WHAT YOU SHOULD DO.
The expected result is every line of the records, printed exactly.

(Beginning of INPUT DATA)

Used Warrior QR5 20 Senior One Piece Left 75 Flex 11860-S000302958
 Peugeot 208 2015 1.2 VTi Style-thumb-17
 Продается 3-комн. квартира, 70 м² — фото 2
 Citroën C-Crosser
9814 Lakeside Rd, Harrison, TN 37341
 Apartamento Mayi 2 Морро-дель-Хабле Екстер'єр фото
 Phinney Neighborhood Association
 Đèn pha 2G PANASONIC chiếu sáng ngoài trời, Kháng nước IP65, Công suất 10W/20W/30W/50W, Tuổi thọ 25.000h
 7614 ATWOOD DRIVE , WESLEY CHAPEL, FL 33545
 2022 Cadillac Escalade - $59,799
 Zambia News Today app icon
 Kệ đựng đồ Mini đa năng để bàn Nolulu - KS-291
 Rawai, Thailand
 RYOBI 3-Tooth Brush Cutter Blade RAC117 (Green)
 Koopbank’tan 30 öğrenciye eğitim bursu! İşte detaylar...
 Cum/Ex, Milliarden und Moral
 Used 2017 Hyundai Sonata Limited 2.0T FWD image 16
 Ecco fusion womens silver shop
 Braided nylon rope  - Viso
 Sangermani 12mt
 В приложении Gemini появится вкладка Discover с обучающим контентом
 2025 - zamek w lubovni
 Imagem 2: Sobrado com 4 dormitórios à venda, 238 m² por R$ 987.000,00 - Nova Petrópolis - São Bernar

(End of INPUT DATA)

EXERCISE ANSWER.
Used Warrior QR5 20 Senior One Piece Left 75 Flex 11860-S000302958
 Peugeot 208 2015 1.2 VTi Style-thumb-17
 Продается 3-комн. квартира, 70 м² — фото 2
 Citroën C-Crosser
9814 Lakeside Rd, Harrison, TN 37341
 Apartamento Mayi 2 Морро-дель-Хабле Екстер'єр фото
 Phinney Neighborhood Association
 Đèn pha 2G PANASONIC chiếu sáng ngoài trời, Kháng nước IP65, Công suất 10W/20W/30W/50W, Tuổi thọ 25.000h
 7614 ATWOOD DRIVE , WESLEY CHAPEL, FL 33545
 2022 Cadillac Escalade - $59,799
 Zambia News Today app icon
 Kệ đựng đồ Mini đa năng để bàn Nolulu - KS-291
 Rawai, Thailand
 RYOBI 3-Tooth Brush Cutter Blade RAC117 (Green)
 Koopbank’tan 30 öğrenciye eğitim bursu! İşte detaylar...
 Cum/Ex, Milliarden und Moral
 Used 2017 Hyundai Sonata Limited 2.0T FWD image 16
 Ecco fusion womens silver shop
 Braided nylon rope  - Viso
 Sangermani 12mt
 В приложении Gemini появится вкладка Discover с обучающим контентом
 2025 - zamek w lubovni
 Imagem 2: Sobrado com 4 dormitórios à venda, 238 m² por R$ 987.000,00 - Nova Petrópolis - São Bernar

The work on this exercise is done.